AffinityML is an Experience OS extension, and part of the AdaptML® package. It identifies users’ probability to engage, and applies it in audiences, targeting, affinity allocation, and product recommendations.
AffinityML is the next generation of the Dynamic Yield affinity-based personalization engine, powered by our state-of-the-art long short-term memory (LSTM) recurrent neural network (RNN).
AffinityML trains itself based on the historical patterns and activities of all visitors to your website or app, and learns which sequences of events ultimately lead to desired outcomes (say, a product purchase). AffinityML continually updates with every user action, and applies its learnings to predict which product attributes a single user is likely to have affinity for, in real time, based on their individual activity and the general behavioral patterns observed.
How AffinityML is applied
Based on this training, if a user completes the purchase of a product that is typically purchased only once (such as a large couch, oven, or smartphone), the model immediately lowers that user’s affinity to attributes of the product they just purchased, and increases the user’s affinity to attributes associated with complementary products that are typically purchased next (such as couch pillow cases, oven trays, or phone accessories).
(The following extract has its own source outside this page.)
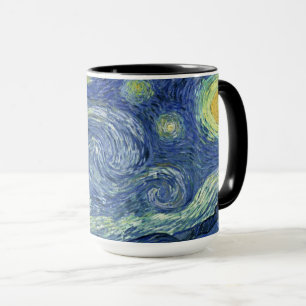 Taza La noche estrellada Vincent van Gogh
Similarly, if a product is purchased from a category typically purchased repeatedly and at regular intervals (such as reusable diapers or paper towels), the model decreases the user's affinity for the attributes associated with the product at the time of purchase, and then increases it again at the right time, matching the purchase interval.
These capabilities mean that some use cases work particularly with AffinityML, including:
- Learn what other users who completed the same activity (say, adding an item to the cart) also liked, and automatically apply it to recommendations.
- Based on their previous purchases, recommend items users are likely to be interested in within order confirmations or shipping details emails.
- Highlight and re-sort the categories your users are most interested in and are predicted to be interested in even if they don't engage with the category.
Enablement
The transition from our classic affinity to AffinityML is seamless and transparent, and doesn’t require any additional implementation or updates to live campaigns. Both affinity-based personalization engines are responsible for calculating user affinity profiles. So, while the underlying profiles continuously evolve and change, your campaigns, experiences, and recommendation strategies that use affinity profiles are agnostic to how the profile is calculated.
When you transition to AffinityML, you can expect the new model to target different users than those of our classic affinity. This might result in slight changes in the number of targeted users and those included in affinity-based audiences.
To enable AffinityML, contact your Customer Success Manager.
For best practices in setting up the product attributes to include in affinity calculations, see Affinity-Based Personalization.
Best practices
The affinity personalization engine relies heavily on the quality of your product feed. To guarantee optimal performance, make sure to follow the following guidelines when selecting the attributes to enable for affinity personalization in your account:
- Less is more: Select up to 5 attributes.
Select only attributes that you want to employ in campaigns or have represented in product recommendations. Unnecessary attributes add noise to product recommendations. - Select only attributes that imply users’ preferences for other products and categories.
For example, if purchasing a product made of cotton implies that a user is likely to purchase cotton products from other categories as well, then "material" is a suitable attribute. - Select attributes that offer a valid value for every SKU (or most SKUs). Avoid values like “not applicable” or special characters. If absolutely necessary, leave the value empty.
- Avoid attributes with frequently shifting values. For example, “On_Sale” is not ideal as its values frequently change from “true” to “false.”